Continental plans to average 19 operated drilling rigs in 2016. It would deploy four rigs in the Bakken; five to six rigs in the SCOOP; four to five rigs in the northwest Cana JDA; and four to five rigs in the STACK. The company has reduced its operated rig count to 19 by dropping four rigs in the Bakken, something it hinted at doing last November (see Shale Daily, Nov. 6, 2015).

The company expects to complete 71 net wells, both operated and non-operated, in 2016 — 26 in the Bakken, 25 in the SCOOP, 11 in the Cana and nine in the STACK. Continental said most of the Bakken wells are to be deferred this year, which should increase its inventory of drilled but uncompleted (DUC) wells in the Bakken to 195 gross, up from 135 at the end of last year. Another 50 wells in Oklahoma will be DUC at the end of 2016, up from 35.

COO Jack Stark said there were four reasons for deferring the Bakken completions.

“One, we don’t want to bring on more barrels [of oil] in this low price environment,” Stark said. “Two, we have the flexibility to defer completions, since our acreage is essentially held by production. Three, it reduces capex. And four, it leaves us with a significant inventory of high-quality wells to complete as prices improve.

“This DUC inventory will have an average EUR [estimated ultimate recovery] of approximately 850,000 boe per well, and represents a valuable asset for the company that will be a strong catalyst for future growth.”

Company ‘Disappointed’ by Credit Downgrades

CFO John Hart said that while the company was “disappointed” that its credit rating was recently downgraded by Standard & Poor’s Ratings Service (S&P) and Moody’s Investors Service (see Shale Daily, Nov. 30, 2015; Daily GPI, Nov. 6, 2015), the downgrades would not significantly impact the company.

“The only change is to the interest rate on the revolver and term-loan,” Hart said. “We anticipate this downgrade will increase the interest expense by approximately $3-4 million annually. Otherwise, our credit facility structure is unchanged. The terms of our other long-term debt are also unchanged.

“We are and will remain in regular communication with both agencies. We will continue to manage our business in a prudent and thoughtful manner as our long-term view for operating the company is unchanged. We continue to have ample liquidity and no near-term debt maturities.”

Hart said that at the end of December, Continental had $853 million borrowed against its unsecured revolving credit facility.
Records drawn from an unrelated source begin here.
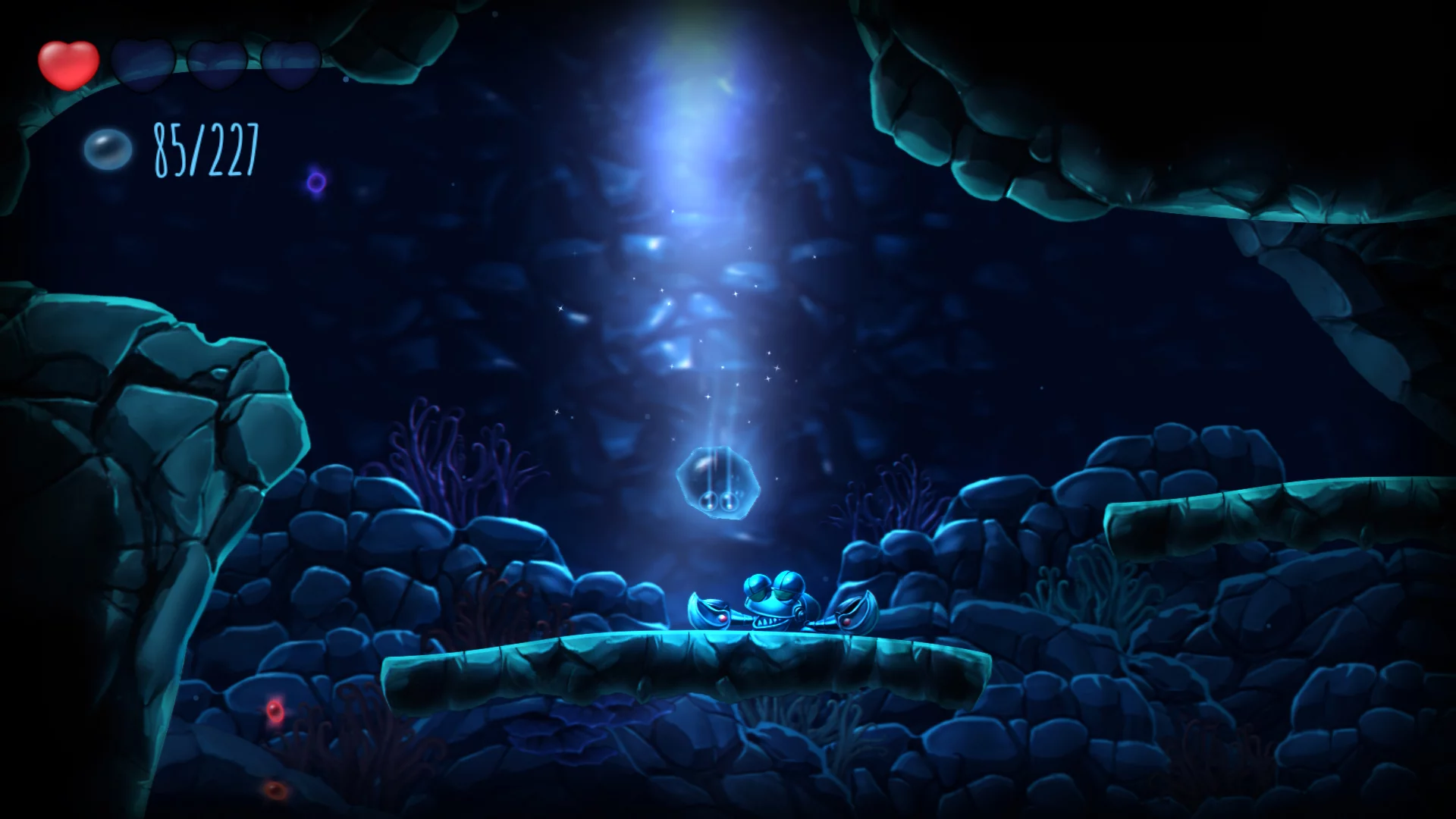 Изображение игры: Goo Saga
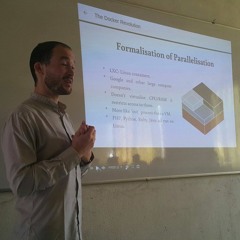 The Story of Docker: a tech talk in Kathmandu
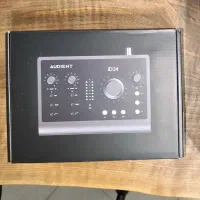 فروش کارت صدا Audient iD24 - کاملا مشابه آکبند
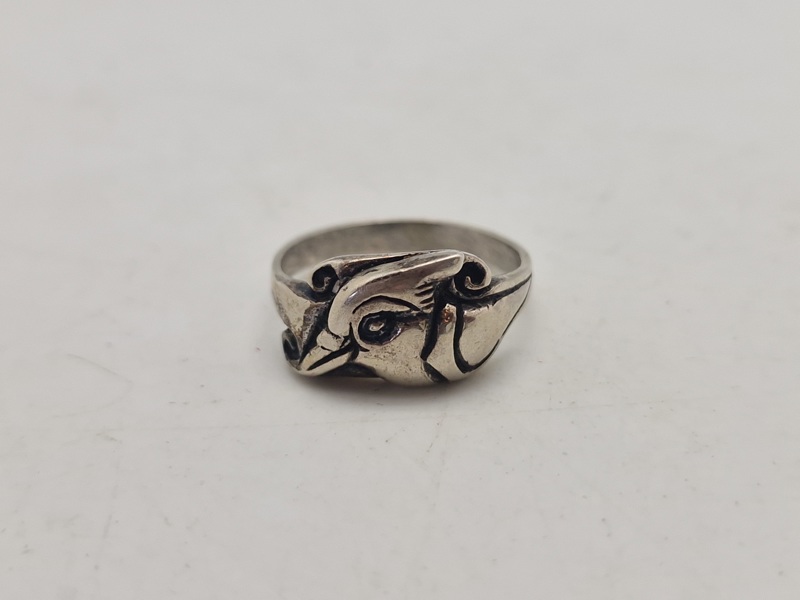 Ring -sterlingsølv - Vikingestil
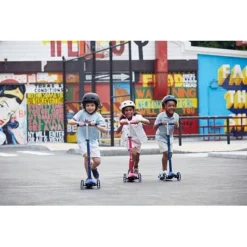 Micro Scooter Maxi Micro Deluxe LED Blue -Kinder Haushaltswaren Geschäft 14zmtl2baxpajm3o2pif83manxjd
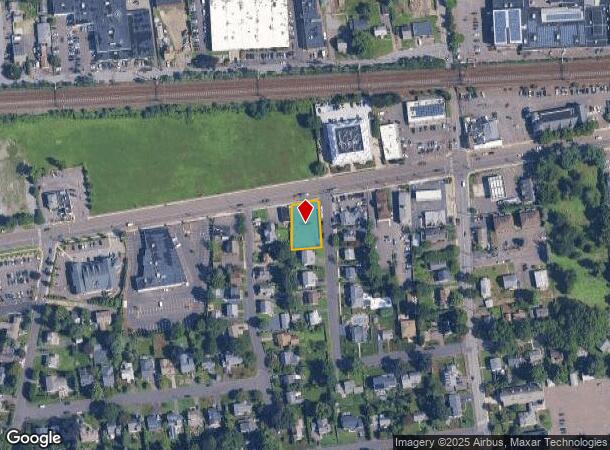 2179 Post Rd, Fairfield, CT Parcel Map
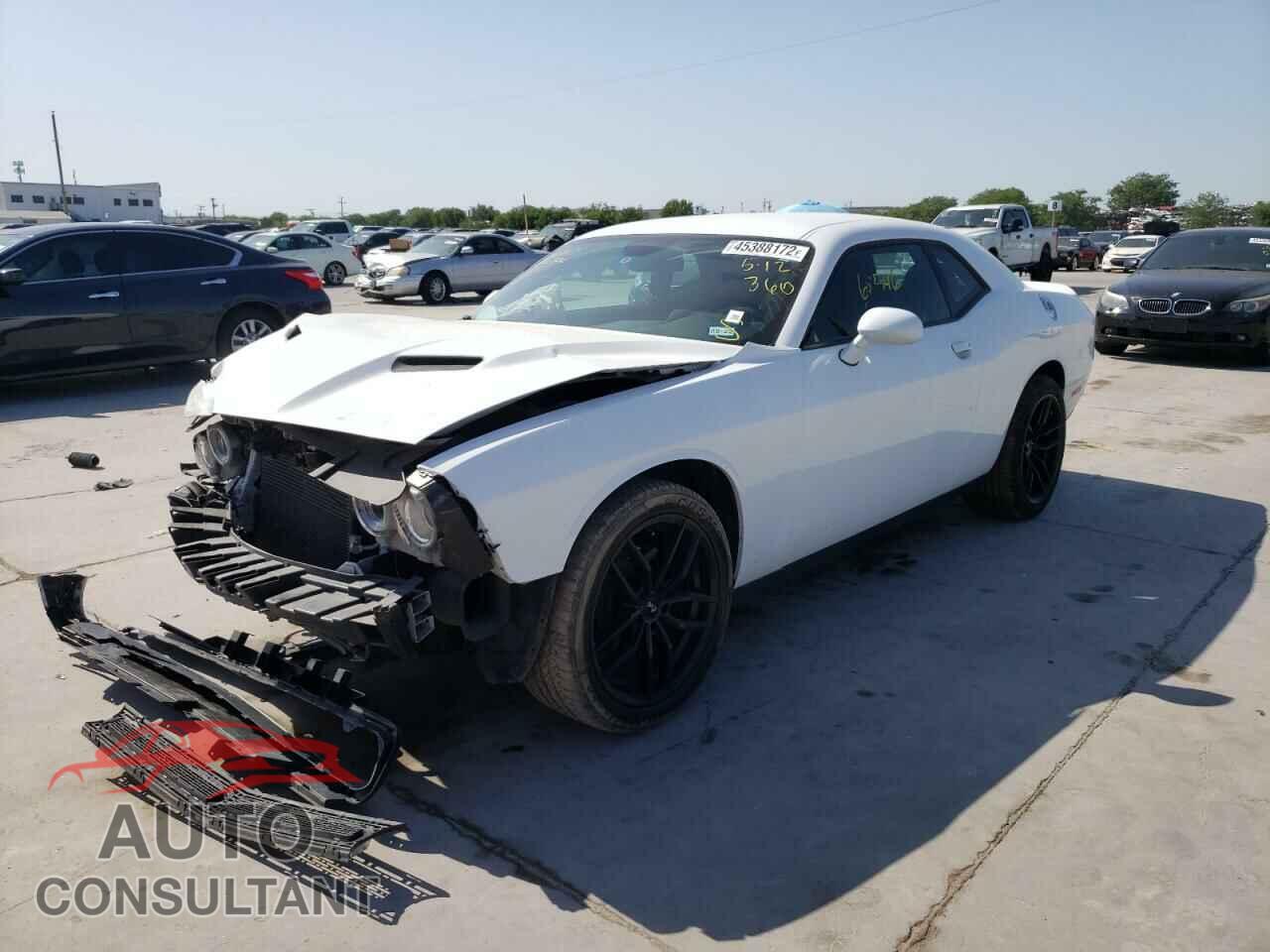 DODGE CHALLENGER 2018 - 2C3CDZAG1JH236028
That figure fell to $830 million last Friday, giving the company $1.9 billion in available borrowing capacity.

Continental produced 224,936 boe/d during 4Q2015, and averaged 221,715 boe/d for the full-year 2015, a 27.3% increase over 2014 (174,189 boe/d). The company issued production guidance of 200,000 boe/d for 2016, and projected that operating expenses will range from $4.25-4.75/boe.

In the SCOOP, Continental holds 214,000 net acres in the emerging Springer Shale and 440,000 net acres in the Woodford Shale. The company also holds 155,000 net acres in the STACK and 38,600 net acres in the JDA area in the northwest Cana-Woodford Shale. But the company’s largest asset in terms of net acreage is the Bakken, where it holds about 1.05 million net acres.

The E&P reported a net loss of $139.7 million (minus 38 cents/share) in 4Q2015, and a net loss of $353.7 million (minus 96 cents/share) for the full-year 2015. By comparison, Continental had net income of $114 million (31 cents/share) in 4Q2014 and $977.3 million ($2.64/share) in 2014. Revenue for 4Q2015 was $575.5 million and EBITDAX (earnings before interest, taxes, depreciation, amortization, and exploration expenses) was $420.2 million. For the full-year 2015, revenue was $2.7 billion and EBITDAX was $1.98 billion.